Fortunately, the REF 160 S's distortion was predominantly the subjectively innocuous second harmonic (fig.12), and higher harmonics other than the third are all low in level (fig.13). This spectrum was taken into 8 ohms from the 8 ohm tap. Dropping the load to 4 ohms (fig.14) increased the levels of both the second and third harmonics, with the third now equal in level to the second. When the amplifier drove an equal mix of 19 and 20kHz tones at 10W into 8 ohms from the 8 ohm tap in Triode mode (fig.15), the second-order difference product at 1kHz lay just below –60dB (0.1%) and the higher-order intermodulation products were lower in level. As with the Audio Research Reference 160 M monoblock, the REF 160 S's measured performance is affected by the design team's decision not to use a lot of loop negative feedback. The amplifier will offer relatively high levels of low-order harmonic distortion when the load impedance is less than the nominal output transformer tap, so owners should make sure that the impedance of their loudspeakers is not significantly lower than the value of the output tap that gives sufficient loudness.—John Atkinson
Fig.12 Audio Research REF 160S, Triode mode, 8 ohm tap, 1kHz waveform at 5W into 8 ohms, 0.127% THD+N (top); distortion and noise waveform with fundamental notched out (bottom, not to scale).

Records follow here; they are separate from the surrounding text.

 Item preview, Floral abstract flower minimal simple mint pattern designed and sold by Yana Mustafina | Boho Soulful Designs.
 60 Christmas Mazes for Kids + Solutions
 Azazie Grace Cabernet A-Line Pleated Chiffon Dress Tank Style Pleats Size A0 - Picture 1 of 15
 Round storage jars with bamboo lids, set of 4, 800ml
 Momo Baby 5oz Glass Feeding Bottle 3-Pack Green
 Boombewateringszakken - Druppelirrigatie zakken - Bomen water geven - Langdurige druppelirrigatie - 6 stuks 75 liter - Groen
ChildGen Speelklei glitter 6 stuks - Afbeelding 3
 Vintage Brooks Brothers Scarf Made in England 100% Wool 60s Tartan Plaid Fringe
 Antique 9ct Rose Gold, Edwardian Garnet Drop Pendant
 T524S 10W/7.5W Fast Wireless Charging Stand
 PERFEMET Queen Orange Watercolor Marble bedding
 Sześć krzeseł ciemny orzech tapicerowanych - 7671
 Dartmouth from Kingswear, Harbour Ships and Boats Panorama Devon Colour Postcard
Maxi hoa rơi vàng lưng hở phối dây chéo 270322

Fig.13 Audio Research REF 160S, Ultralinear mode, 8 ohm tap, spectrum of 50Hz sinewave, DC–1kHz, at 10W into 8 ohms (left channel blue, right red, linear frequency scale).
Fig.14 Audio Research REF 160S, Triode mode, 8 ohm tap, spectrum of 50Hz sinewave, DC–1kHz, at 20W into 4 ohms (left channel blue, right red, linear frequency scale).
Fig.15 Audio Research REF 160S, Triode mode, 8 ohm tap, HF intermodulation spectrum, DC–30kHz, 19+20kHz at 10W peak into 8 ohms (linear frequency scale).